▸ **PROBLEM REQUIREMENTS**:
Search the records below for the string "flooring", and report each line that contains it.

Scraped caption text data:
= = = = =

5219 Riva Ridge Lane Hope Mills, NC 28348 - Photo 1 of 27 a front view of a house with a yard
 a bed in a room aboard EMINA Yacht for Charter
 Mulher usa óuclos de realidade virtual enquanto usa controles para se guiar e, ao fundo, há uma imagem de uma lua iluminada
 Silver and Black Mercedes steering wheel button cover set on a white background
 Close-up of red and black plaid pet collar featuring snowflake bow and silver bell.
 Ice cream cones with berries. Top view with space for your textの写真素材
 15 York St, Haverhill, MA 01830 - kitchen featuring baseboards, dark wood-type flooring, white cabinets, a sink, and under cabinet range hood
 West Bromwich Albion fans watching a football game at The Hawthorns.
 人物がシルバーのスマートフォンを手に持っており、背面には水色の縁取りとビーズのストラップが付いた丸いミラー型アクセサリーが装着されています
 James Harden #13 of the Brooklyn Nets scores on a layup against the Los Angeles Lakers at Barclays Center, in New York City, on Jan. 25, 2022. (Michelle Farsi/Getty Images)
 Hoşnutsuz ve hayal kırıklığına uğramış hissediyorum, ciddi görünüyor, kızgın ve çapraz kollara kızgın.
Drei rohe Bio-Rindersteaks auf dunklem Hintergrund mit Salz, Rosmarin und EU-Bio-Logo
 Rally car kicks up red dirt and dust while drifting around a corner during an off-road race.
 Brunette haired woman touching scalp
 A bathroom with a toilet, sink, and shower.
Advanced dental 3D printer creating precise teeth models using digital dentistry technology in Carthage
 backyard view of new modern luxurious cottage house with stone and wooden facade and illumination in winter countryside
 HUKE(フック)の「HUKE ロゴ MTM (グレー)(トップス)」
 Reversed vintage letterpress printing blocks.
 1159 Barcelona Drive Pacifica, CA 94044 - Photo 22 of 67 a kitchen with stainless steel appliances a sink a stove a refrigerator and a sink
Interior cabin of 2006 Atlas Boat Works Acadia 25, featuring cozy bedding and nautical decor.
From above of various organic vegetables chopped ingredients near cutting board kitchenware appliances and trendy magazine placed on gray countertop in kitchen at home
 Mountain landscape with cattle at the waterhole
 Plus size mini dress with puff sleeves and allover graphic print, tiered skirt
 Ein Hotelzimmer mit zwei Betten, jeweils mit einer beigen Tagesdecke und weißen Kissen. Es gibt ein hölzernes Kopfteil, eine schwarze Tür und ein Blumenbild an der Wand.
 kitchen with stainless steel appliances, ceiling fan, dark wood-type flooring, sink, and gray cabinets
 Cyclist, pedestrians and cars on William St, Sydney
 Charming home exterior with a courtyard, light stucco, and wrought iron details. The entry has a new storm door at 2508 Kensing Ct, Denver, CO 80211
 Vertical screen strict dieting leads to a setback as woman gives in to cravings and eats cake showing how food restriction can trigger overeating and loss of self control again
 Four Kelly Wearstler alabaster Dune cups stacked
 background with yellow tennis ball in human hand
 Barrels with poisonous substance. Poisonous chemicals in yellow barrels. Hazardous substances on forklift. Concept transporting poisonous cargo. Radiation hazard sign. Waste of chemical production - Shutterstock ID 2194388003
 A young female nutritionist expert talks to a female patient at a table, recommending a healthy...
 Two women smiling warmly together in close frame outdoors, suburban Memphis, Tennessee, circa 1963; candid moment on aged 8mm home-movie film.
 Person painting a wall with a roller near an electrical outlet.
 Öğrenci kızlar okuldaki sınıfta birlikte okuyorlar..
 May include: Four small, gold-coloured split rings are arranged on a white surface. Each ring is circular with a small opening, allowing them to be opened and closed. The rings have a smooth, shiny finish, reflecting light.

= = = = =

▸ **TASK ANSWER**:
 15 York St, Haverhill, MA 01830 - kitchen featuring baseboards, dark wood-type flooring, white cabinets, a sink, and under cabinet range hood
 kitchen with stainless steel appliances, ceiling fan, dark wood-type flooring, sink, and gray cabinets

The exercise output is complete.